In my recent post, How We Pray 1, I talked about how the concept of salah, and some of the postures, existed before Islam. We can understand that salah, when used in the Qur'an referring to human beings (please see Definition of Salah) generally means worship. Looking at Biblical descriptions of the worship of prophets, we see them falling on their faces. But there is even more evidence in the Qur'an as to what salah looked like, or included as far as postures, in the Qur'an.
That's why this is a part 2 post, it's just further elaborating on some points I already discussed.

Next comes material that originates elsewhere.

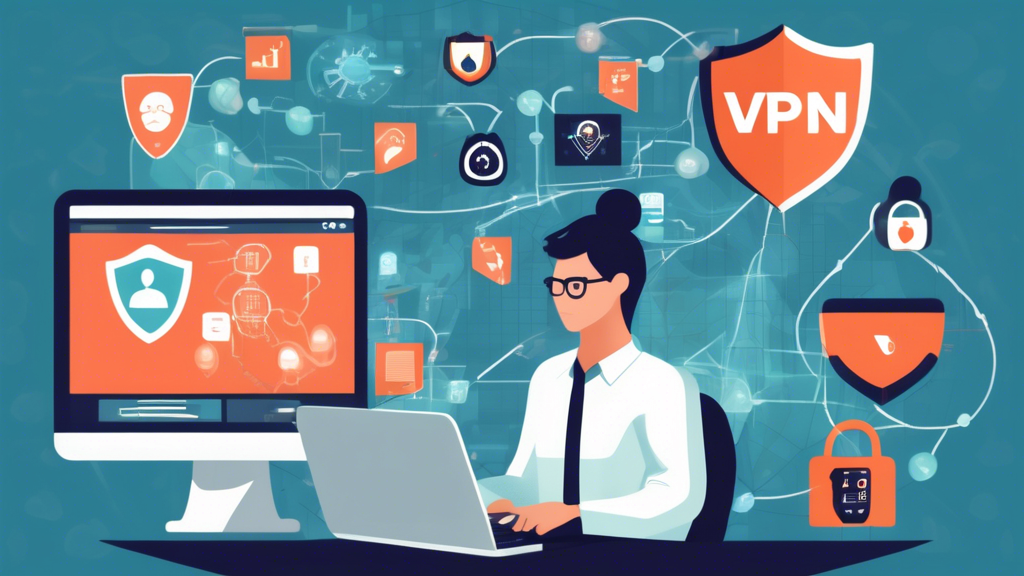 Create an image depicting the concept of online anonymity and privacy protection using a VPN in the USA. Show a person using a laptop or smartphone with an interface that displays a connected VPN and a hidden IP address. Surround them with visual elements that represent data encryption, like padlocks and shields, alongside icons indicating protection against surveillance and advertisements. In the background, subtly include elements like the American flag or landmarks to emphasize the USA context.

One thing that the Qur'an describes is praying in the House of Allah, which is the Ka'ba. This is something we can read in Surat al-Baqarah (2:125.) Surah Ale Imran describes Zakariyyah praying in a mihrab, a chamber or private room (3:39.) And Surah Sad mentions a mihrab of Dawud (38:21.) Surah Yunus describes taking houses as places of prayer for Musa and Harun in Egypt (10:87.) Surah Ale Imran includes instructions to Mary about prostrating and bowing, and it tells her to bow along with those who bow, indicating congregatoinal prayer (3:43.) Surat al-Hajj mentions standing, bowing, prostration, and circumambulation (22:26.) Also mentioned is that salah is for dhikr, rememberance of Allah, as in Surah Taha (20:14.)
I mention these references just to point out that some postures and particulars of prayer, in addition to being universal demonstrations of humility and devotion, are also part of the salah in times before Islam, one more thing which gives our daily salah special significance.